*Task to carry out:* Beginning at the line that holds "Marlow Natural Wood" and continuing to the last line of the data below, transcribe every line word for word, without pictures.

-- Source material follows --

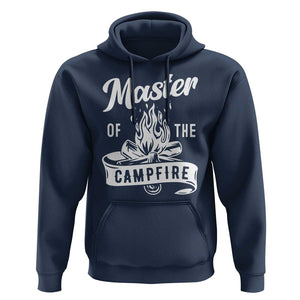 Camping Lover Hoodie Master Of The Campfire Camper Outdoor Activity TS11 Navy Print Your Wear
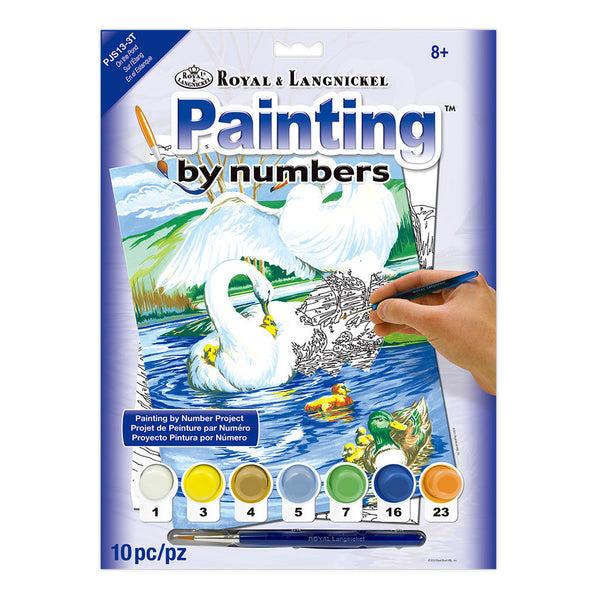 royal and langnickel PJS13 | Painting by numbers™ 10pc 8.75" x 11.375" On the Pond Painting Project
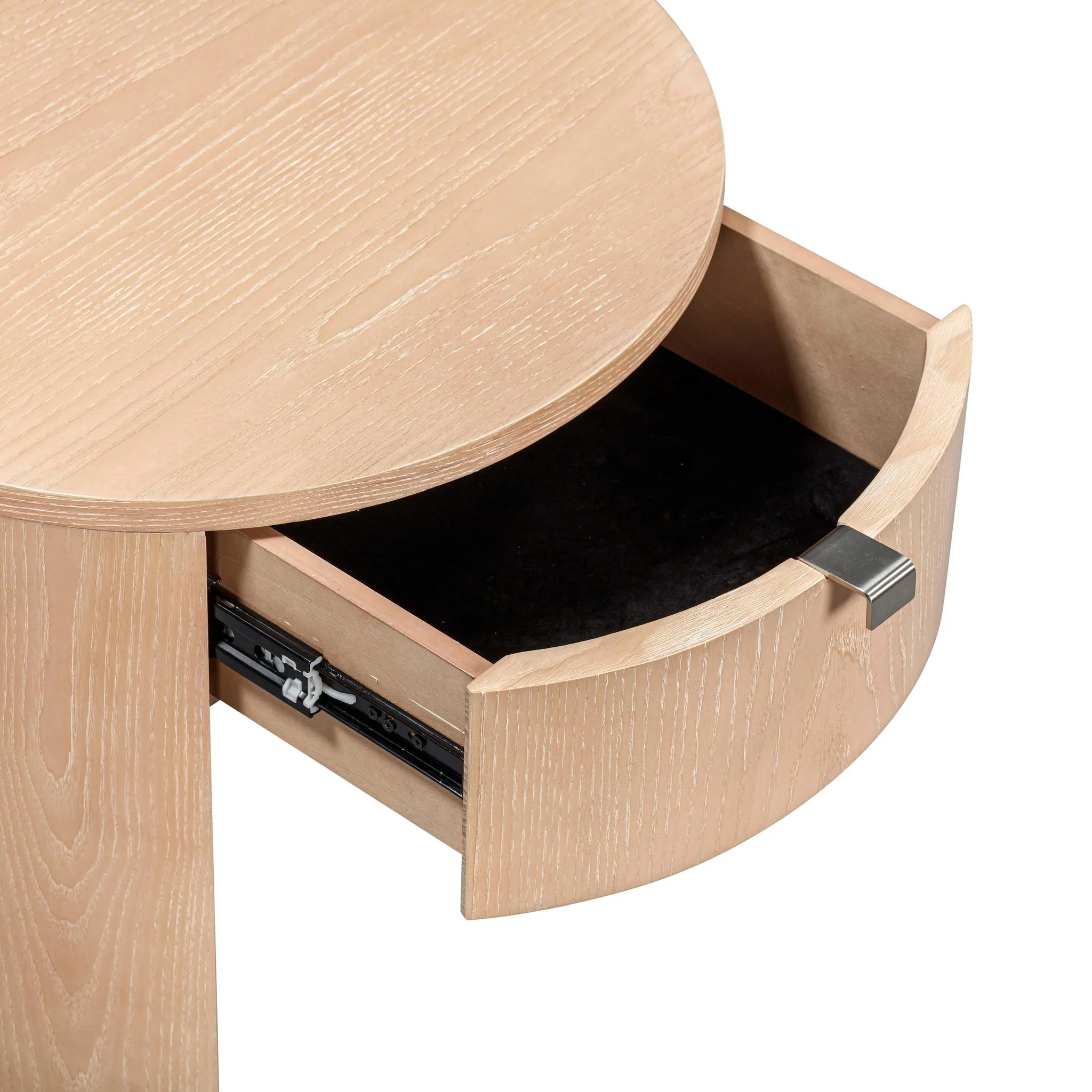 Marlow Natural Wood Round Nightstand - Image 8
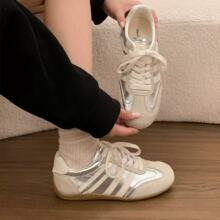 复古拼色德训鞋女2026新款夏季薄底网红同款百搭休闲运动鞋平底鞋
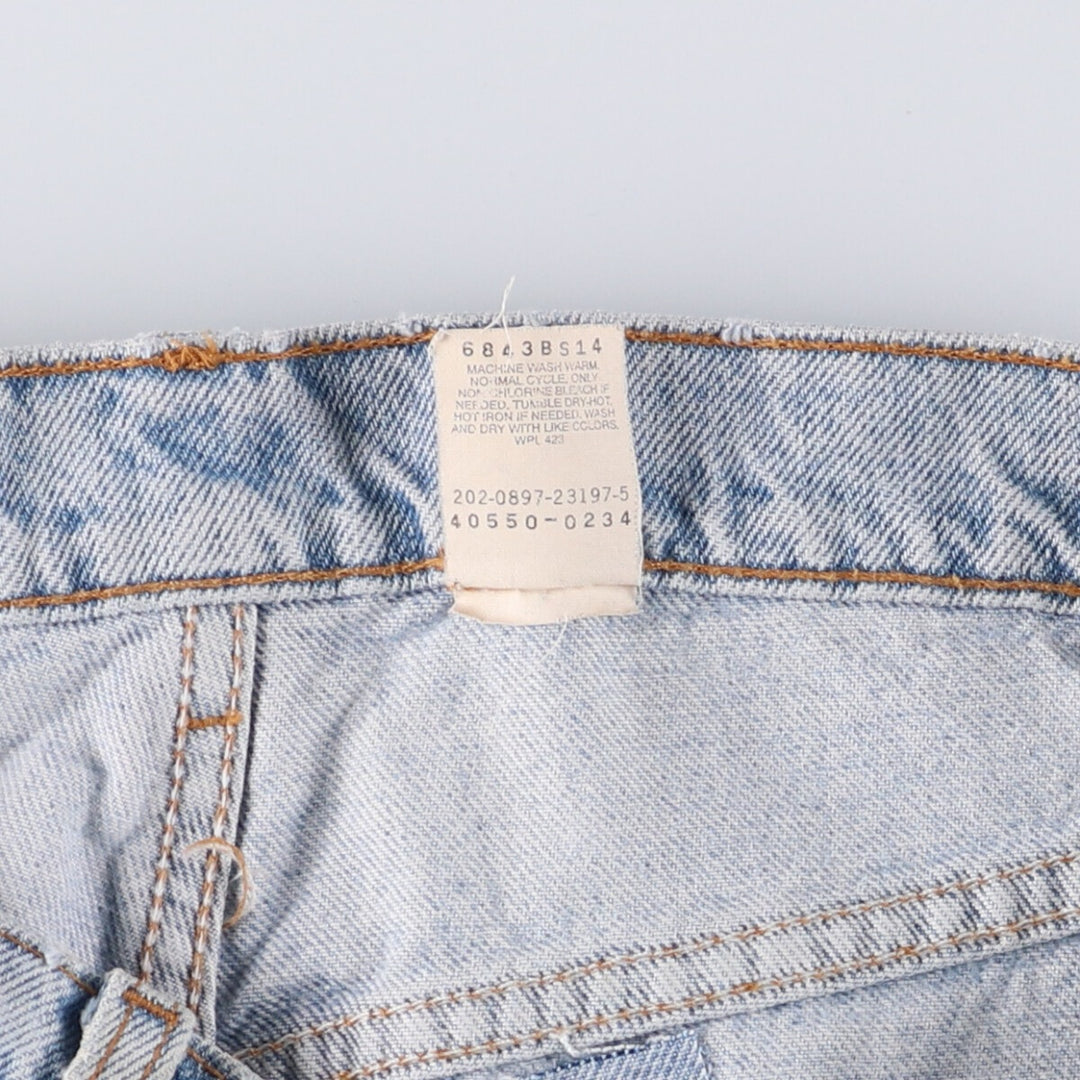 90'S Levi's 550 Relaxed Fit Tapered Denim Pants with Orange Tab, Men's Size 33 (Vintage) cotton Blue type light blue Vintage Second Hand
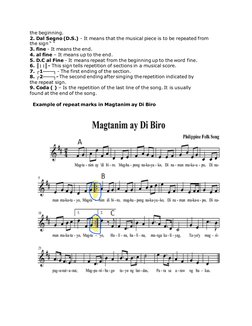 Understanding Musical Forms: Binary & Ternary | PDF | Musical Forms | Songs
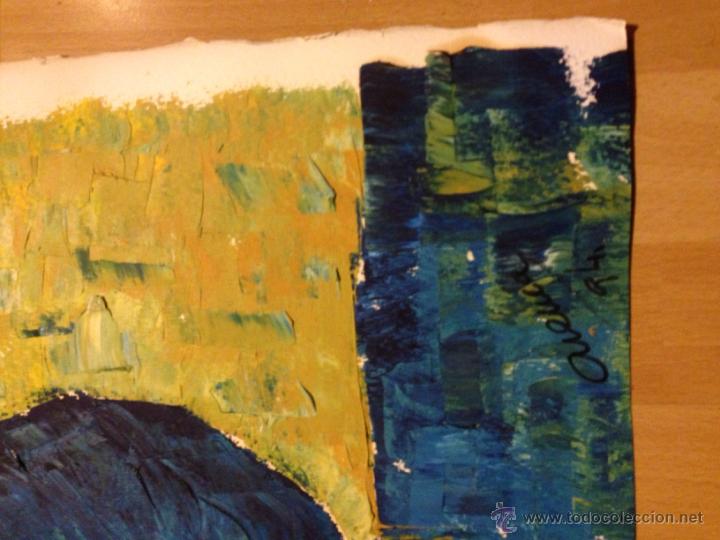 Otros objetos de arte: Pintura firmada cuenca 94 - Foto 2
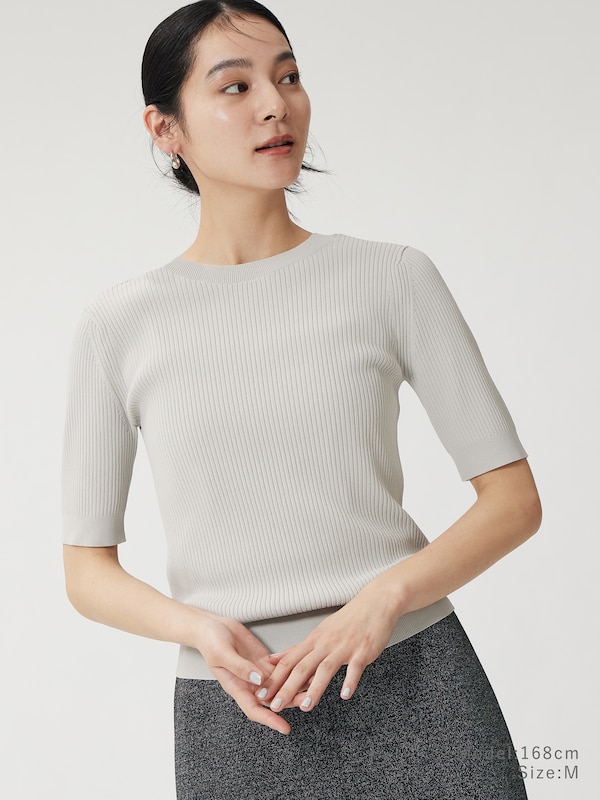 UVカットレーヨンブレンド2WAYセーター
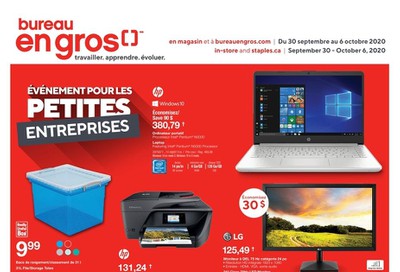 Bureau En Gros Flyer September 30 to October 6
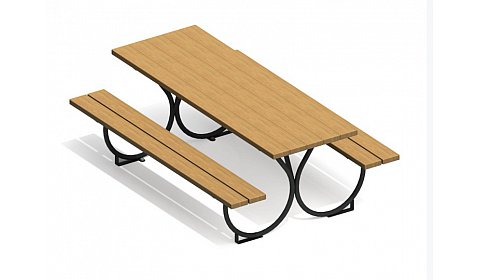 Стол со скамьями "Отдых" ПМ-10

-- Source material concluded --

*Task output:*
 Marlow Natural Wood Round Nightstand - Image 8
 复古拼色德训鞋女2026新款夏季薄底网红同款百搭休闲运动鞋平底鞋
 90'S Levi's 550 Relaxed Fit Tapered Denim Pants with Orange Tab, Men's Size 33 (Vintage) cotton Blue type light blue Vintage Second Hand
 Understanding Musical Forms: Binary & Ternary | PDF | Musical Forms | Songs
 Otros objetos de arte: Pintura firmada cuenca 94 - Foto 2
 UVカットレーヨンブレンド2WAYセーター
 Bureau En Gros Flyer September 30 to October 6
 Стол со скамьями "Отдых" ПМ-10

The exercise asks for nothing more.